Moore School ambassador finds success in the State House

Nov. 5, 2018

Wilfredo Anderson, a third-year finance and marketing student at the Darla Moore School of Business, has served as a State House page for the past three years – a role that led to his position as the director of the Legislative Action Network.

In this position, Anderson is able to bridge students' concerns regarding campus safety, alcohol and drug abuse and rising tuition to State House officials.

“It's been a very rewarding experience to begin building these relationships with South Carolina legislators,” Anderson said. “As the director of the Legislative Action Network, I'm playing a direct role in guiding our student body towards a stronger relationship with our legislators at the State House.”

Anderson and his team members research issues and concerns that University of South Carolina students have in order to present them to state legislators.

“My work has impacted my fellow students by making our state legislators more aware of the issues we face on our campus and how we can all work towards solutions with the elected officials throughout South Carolina,” he said.  

Anderson also serves as a Darla Moore School of Business ambassador, where he has developed meaningful relationships with school’s esteemed faculty and staff.

“It’s given me the opportunity to connect on a different level with my professors,” he said. “A lot of students might get frustrated if their professor is five minutes late to class, but they don’t realize that they’re scrambling to print out all of the documents, they’re staying late until 8 or 9 p.m. grading paperwork. … You do have a little bit more of an appreciation for what they do.”

In addition to his positions within the university and the State House, Anderson has also gained hands-on corporate experience through internships.
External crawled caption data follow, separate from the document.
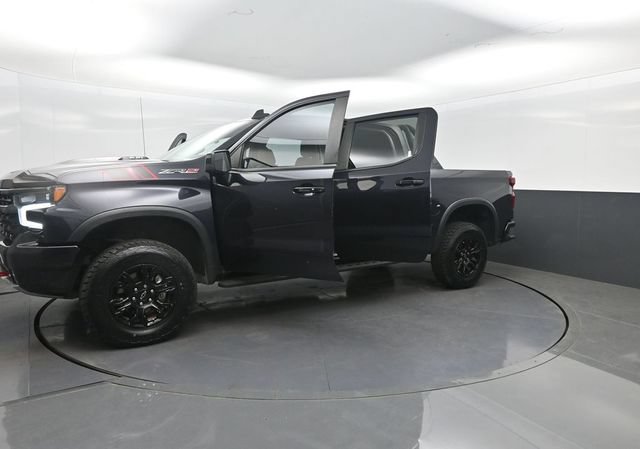 Used 2022 Chevrolet Silverado 1500 ZR2 w/ Technology Package AWD/4WD image 37
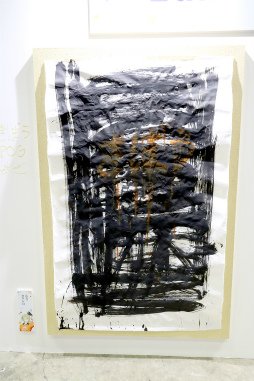 画像ギャラリー No.022のサムネイル画像 / 「にじさんじフェス 2025」ライバーの私物はなぜか石率多め? 百人一首は個性のあふれすぎた作品がずらり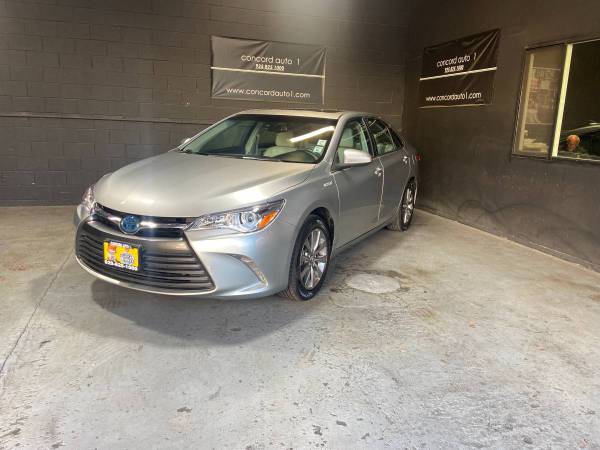 2017 TOYOTA CAMRY HYBRID XLE*EXPERT FINANCING*LEATHER*MOONROOF* 1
In the summer of 2018, Anderson interned for Ernst & Young, a major public accounting firm.

“By being in a four-year program and having exposure to business classes from freshman year on, I feel like I had a more in-depth, general understanding of specifically what finance means to the real world,” Anderson said. “I had a deeper breadth of accounting; I had a deeper breadth of global supply chain because I already took those classes.”

But for Anderson, success isn’t just defined by what goes on within the classroom. His best advice to incoming students? “Get out there. … There’s so much to do around here, you have no excuse not to be involved.”

And for those nervous to go beyond their comfort zone – “the battle is always getting the courage to step into the room.